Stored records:
_ _ _ _
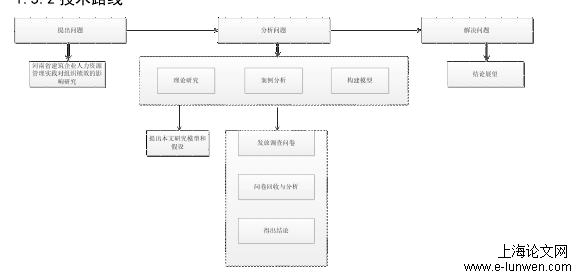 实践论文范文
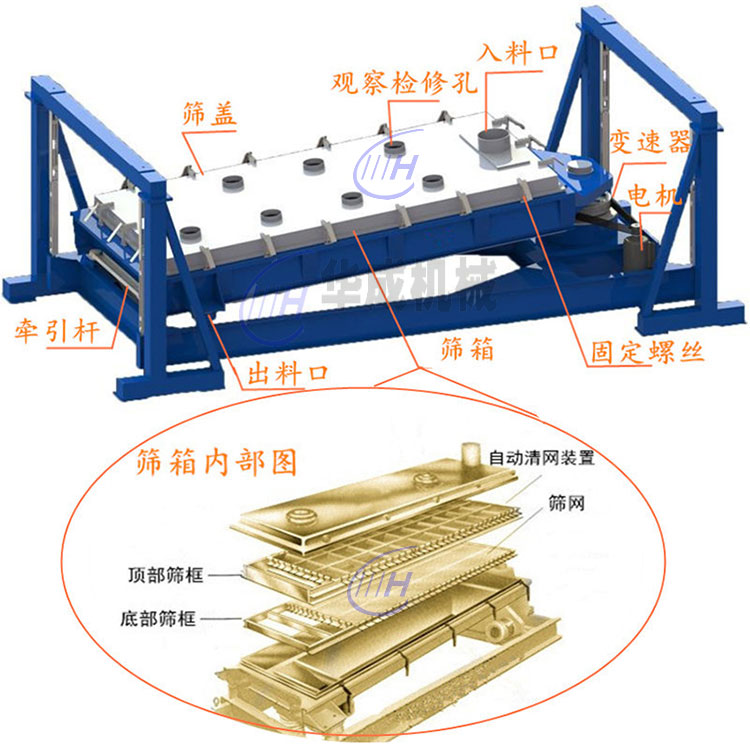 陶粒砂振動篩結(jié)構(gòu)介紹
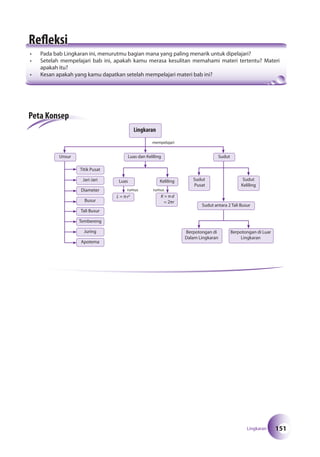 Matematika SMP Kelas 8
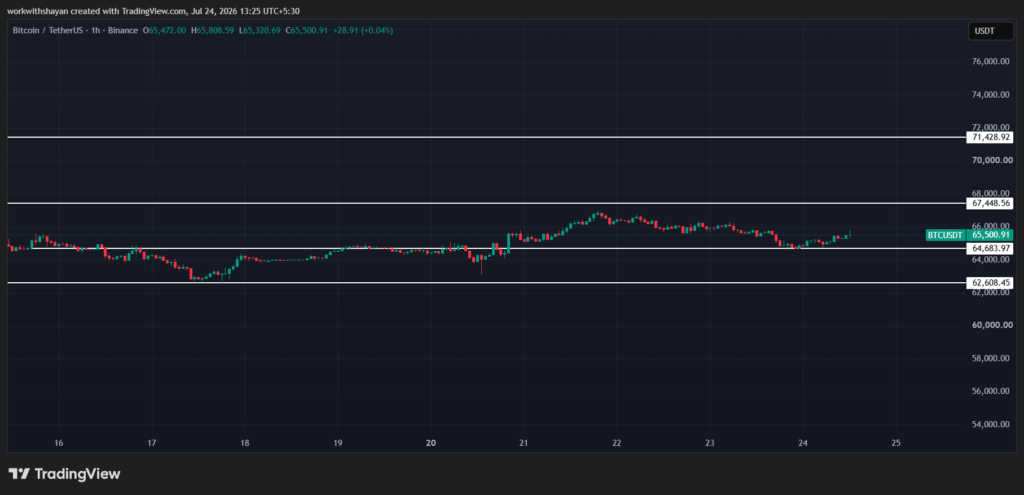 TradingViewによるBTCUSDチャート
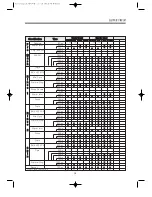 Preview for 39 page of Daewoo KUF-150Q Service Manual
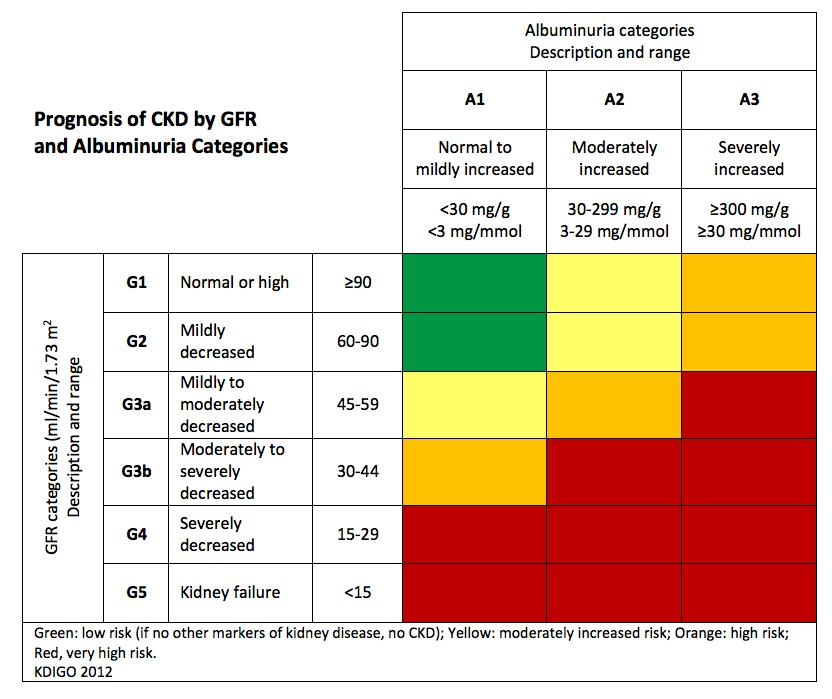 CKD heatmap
_ _ _ _
Please retype exactly the lines from the line containing "陶粒砂振動篩結(jié)構(gòu)介紹" through the final line of the records above, inclusive, leaving out any pictures.

● **ANSWER**:
 陶粒砂振動篩結(jié)構(gòu)介紹
 Matematika SMP Kelas 8
 TradingViewによるBTCUSDチャート
 Preview for 39 page of Daewoo KUF-150Q Service Manual
 CKD heatmap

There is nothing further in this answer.